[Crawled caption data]

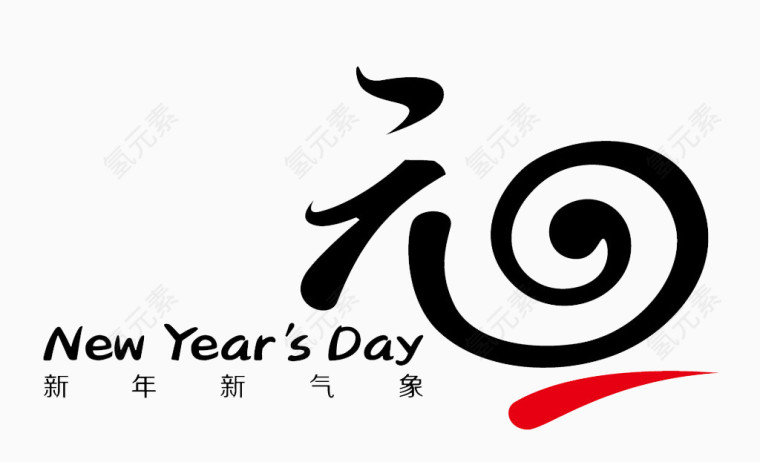元旦快乐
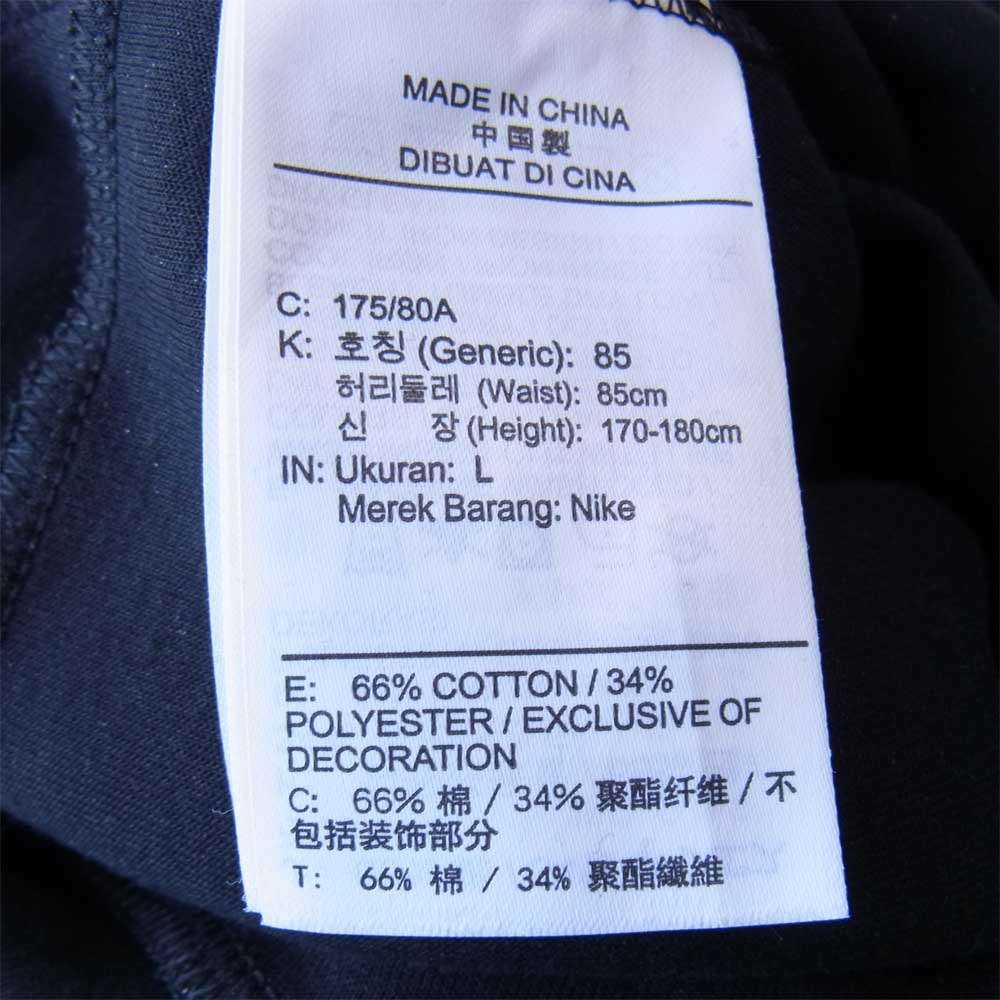 NIKE ナイキ 805163-010 TECH FLEECE JOGGER PANT テック フリース ジョガー パンツ ブラック系 L【中古】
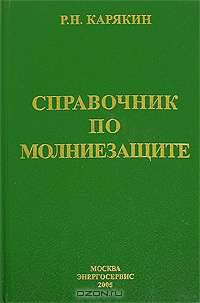 Справочник по молниезащите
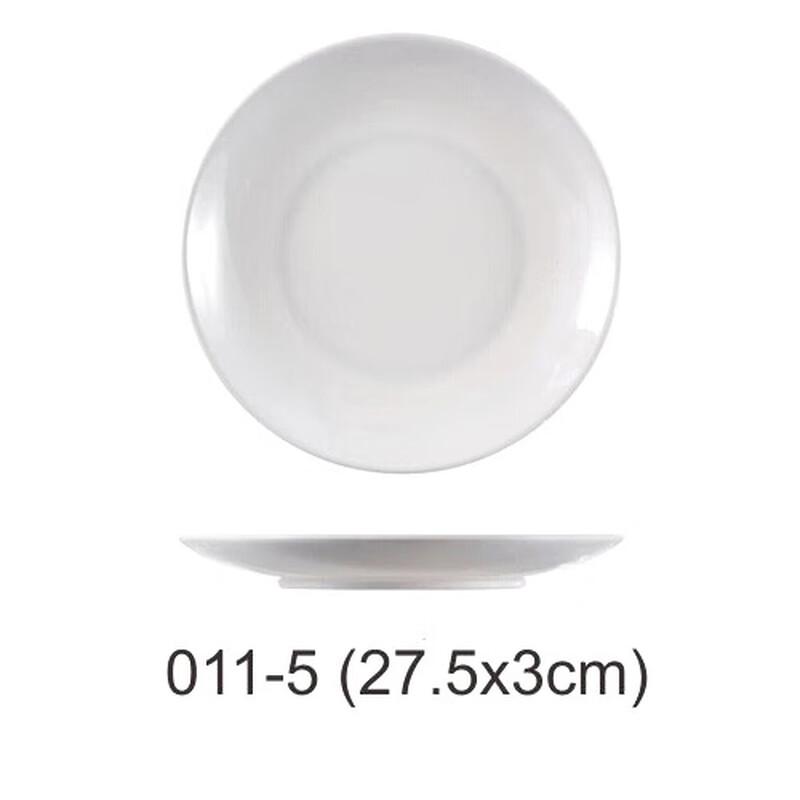 Ding Le Melamine Round Dinner Plates Set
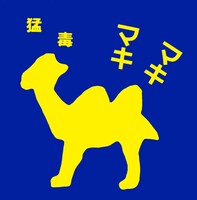 ファンクラブ「らくだヘッズ」ロゴ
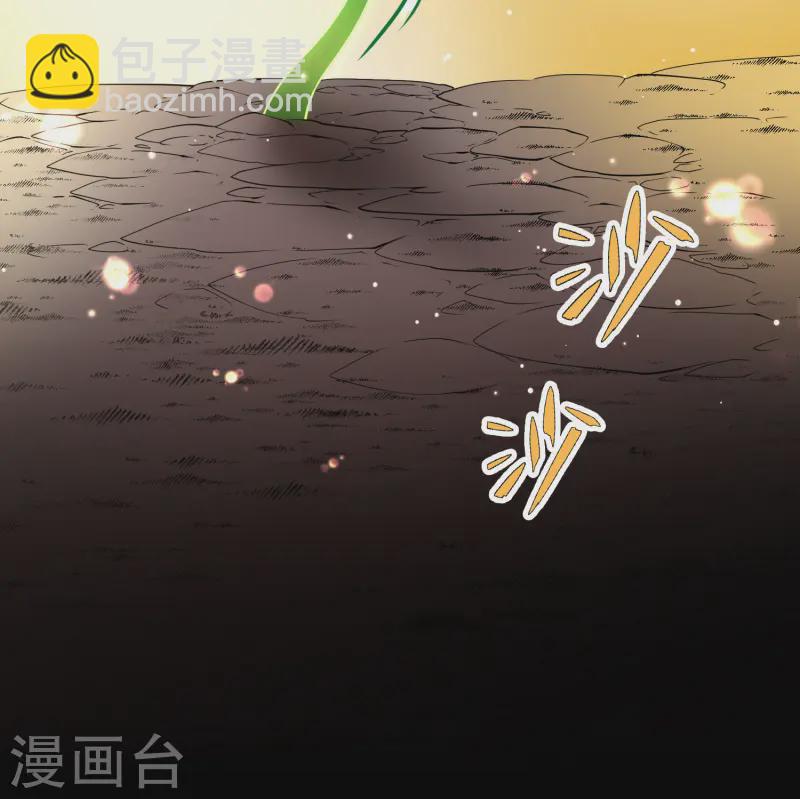 尋找前世之旅 - 第2季第215話 來自拂菻國的善眩人 - 4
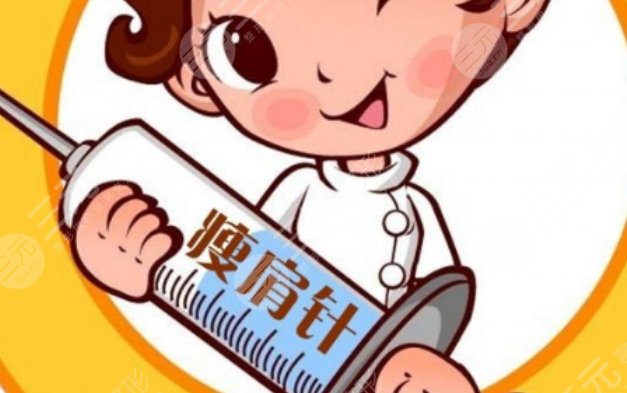 瘦肩針
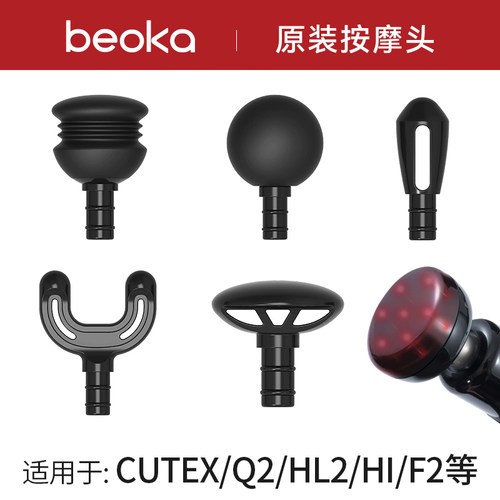 倍益康mini配件原装适用于筋膜枪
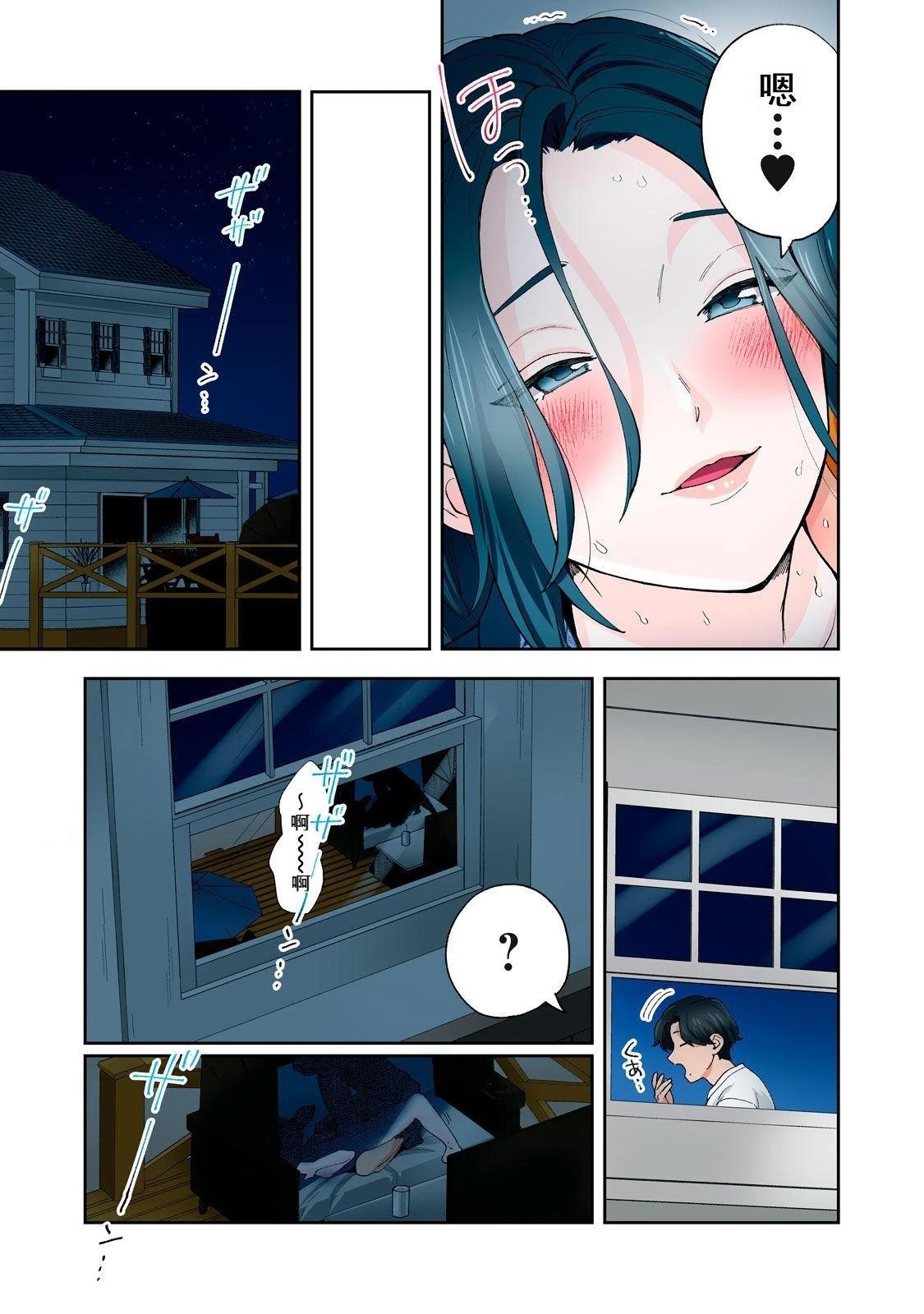第110页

What is expected
Restate each entry word for word, leaving out any pictures.

Final answer
元旦快乐
 NIKE ナイキ 805163-010 TECH FLEECE JOGGER PANT テック フリース ジョガー パンツ ブラック系 L【中古】
 Справочник по молниезащите
 Ding Le Melamine Round Dinner Plates Set
 ファンクラブ「らくだヘッズ」ロゴ
 尋找前世之旅 - 第2季第215話 來自拂菻國的善眩人 - 4
 瘦肩針
 倍益康mini配件原装适用于筋膜枪
第110页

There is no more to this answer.